A global agreement against plastic pollution will be negotiated in Nairobi until Sunday. New alliances are emerging.

Plastic waste on the floor

Plastic waste in a canal in Bangkok, Thailand Photo: Matt Hunt/ZUMA Wire/imago

NAIROBI taz | In the third round of negotiations on the global plastics agreement in Nairobi, clear allocations and classic alliances are difficult to identify. This is clear from China’s behavior. Just six months ago at the previous conference in Paris, the Chinese government took a stand on procedural issues; To the frustration of many delegates, there was a standstill for days. Things are different in Kenya. According to observer circles, the debates are going “almost smoothly” – at least for UN negotiations.

China wants to be perceived as a constructive negotiating partner and not be included in the “blocker round”. “The appearance is not unconstructive,” says Florian Titze from WWF, “the Chinese delegation is not actively positioning itself as a blocker, like Saudi Arabia, for example. However, it belongs to the group of countries who are not yet taking the measures necessary to avert the plastic crisis.”

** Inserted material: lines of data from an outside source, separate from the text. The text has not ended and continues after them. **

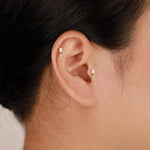 14K Solid Gold Baguette Lab Diamond Dangle Stud Earring 20G/18G/16G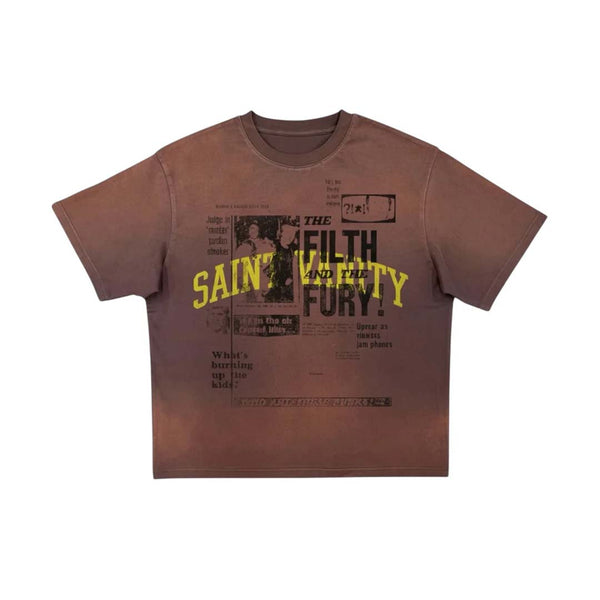 Saint Vanity Newspaper Tee Brown by Saint Vanity - NWAHYPE No.1 for streetwear T-Shirts in USA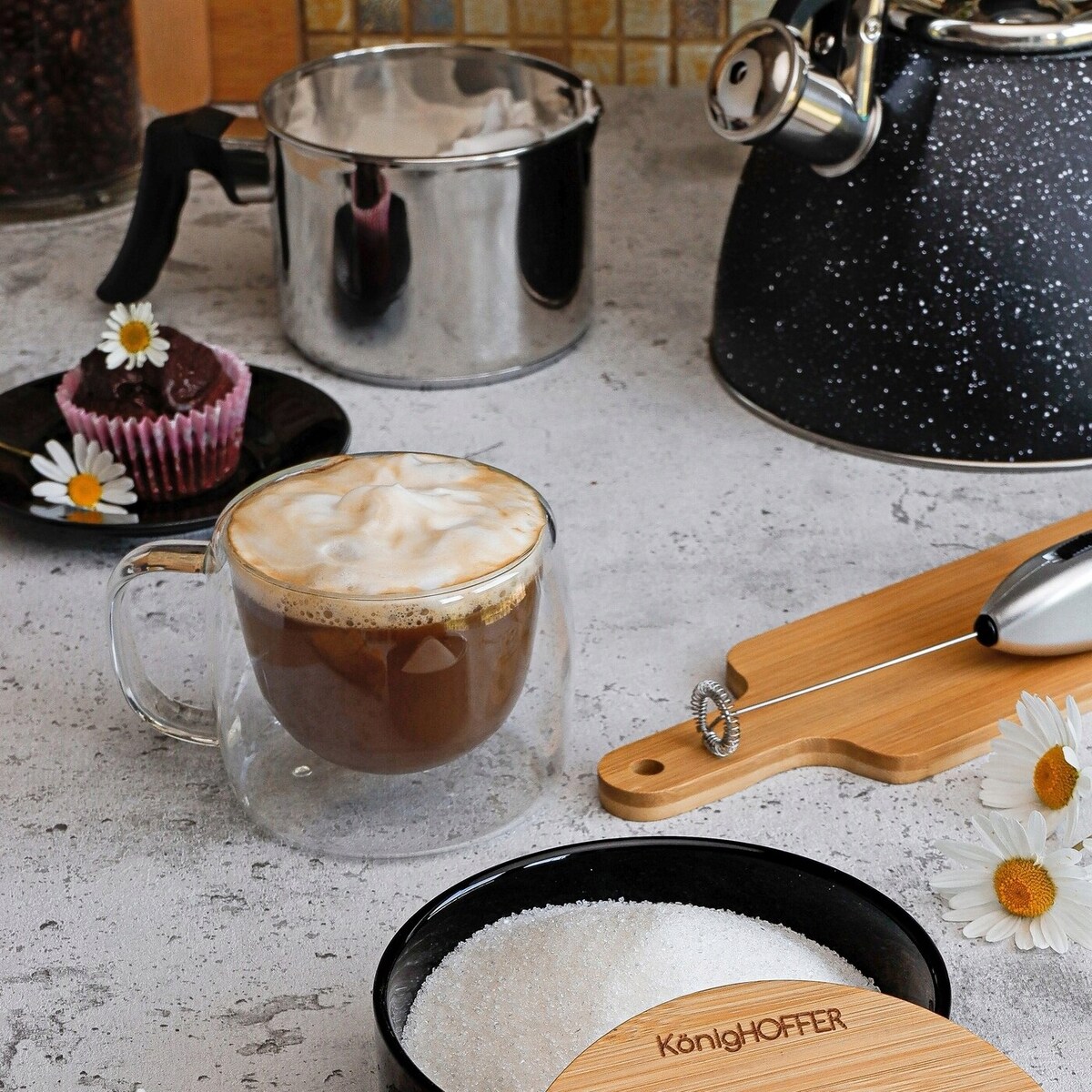 SZKLANKI FILIŻANKI na kawę herbatę PODWÓJNA ŚCIANKA termiczne 2x 350 ml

The ambivalent attitude is explained, on the one hand, by experiences with the severe environmental pollution caused by plastic, which ultimately led to a government-imposed import ban on plastic waste in the East Asian country in 2018. The Chinese government is well aware of the problem. On the other hand, China has a large petroleum and plastics industry that is interested in growth and therefore has an economic interest in placing the agreement’s focus on the lower end of the value chain – on improvements in recycling, disposal and product design.

According to the Scientist Coalition, an association of independent scientists, what is necessary for an effective agreement is, above all, to limit the production of plastic.

China clearly rejects this. “Production caps are not solutions to the cause of plastic pollution,” says a position paper from the delegation. However, this does not necessarily apply to single-use plastic products such as straws, plastic bags and cutlery. Here the Chinese delegation would probably even go along with bans in some cases.

Money for China is controversial

The question of financing the fight against plastic waste, which will come into focus for the first time during the negotiations in Nairobi, will also be exciting. Some developing countries are demanding financial support from the countries responsible for the pollution, especially countries from the Global North from which they import their waste.

China is somewhere in between. It is (or was) heavily affected by littering, but at the same time it is also one of the biggest causes. Many industrialized countries will probably want to avoid China gaining access to financial resources from the plastics agreement. There is therefore great potential for conflict here.

Led by the two parties to the conflict, Saudi Arabia and Iran, a group of “like-minded” oil-producing states emerged at the conference. They want to more or less block the agreement. However, the power of individual outliers on the path to a plastics agreement is limited. Instead of making decisions based on the consensus principle (as is usual at other UN conferences), a 70 percent majority is sufficient in the current negotiations.